REPUBLIKA.CO.ID, JAKARTA— Seorang Muslim yang memegang prinsip ahlus sunnah wal jamaah, hendaknya tidak mengadakan provokasi atau penghasutan untuk memberontak kepada penguasa, meskipun penguasa itu berbuat zhalim.
Dikutip dari buku Syarah Akidah Ahlus sunnah wal jamaah karya Yazid bin Abdul Qadir Jawas, Rasulullah ﷺ bersabda:
عن عياض بن غنم رضي الله عنه قال: قال رسول الله صلى الله عليه وسلم: من أراد أن ينصح لذي سلطان في أمر فلا يبده علانية، وليأخذ بيده، فإن قبل منه فذاك، وإلا كان قد أدى الذي عليه
"Barang siapa yang ingin menasihati penguasa, janganlah ia menampakkan dengan terang-terangan. Hendaklah ia pegang tangannya lalu menyendiri dengannya. Jika penguasa itu mau mendengar nasihat itu, maka itu yang terbaik dan bila si penguasa itu enggan (tidak mau menerima), maka sungguh ia telah melaksanakan kewajiban amanah yang dibebankan kepadanya" (HR Ibnu Abi Ashim, Ahmad dan al-Hakim).

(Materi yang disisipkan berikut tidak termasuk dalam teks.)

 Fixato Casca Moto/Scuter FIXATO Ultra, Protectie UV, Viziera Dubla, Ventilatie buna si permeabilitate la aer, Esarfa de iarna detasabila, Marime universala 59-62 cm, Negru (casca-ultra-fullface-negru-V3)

Jika sudah ada dalil yang sahih, maka waiib bagi seorang Muslim untuk taat kepada Allah dan Rasulullah ﷺ. Hujjah itu terdapat pada hadits Rasulullah yang sahih dan tidak boleh menolak hadits Rasulullah dengan beralasan kepada perkataan ulama atau perbuatan satu kaum atau siapa saja.
Ahlus Sunnah tidak suka dan tidak rela dengan kezaliman dan kemunkaran yang dilakukan oleh penguasa atau lainnya, akan tetapi cara mengingkari kemunkaran yang dilakukan penguasa dan cara menasihati penguasa harus sesuai dengan petunjuk Rasulullah ﷺ dan atsar salafush shalih.
Menjelek-jelekkan penguasa, membeberkan aibnya, serta menyebutkan kekurangannya, menampakkan kebencian kepadanya di hadapan umum atau melalui media lainnya dan mengadakan provokasi, hal tersebut bukan cara yang benar.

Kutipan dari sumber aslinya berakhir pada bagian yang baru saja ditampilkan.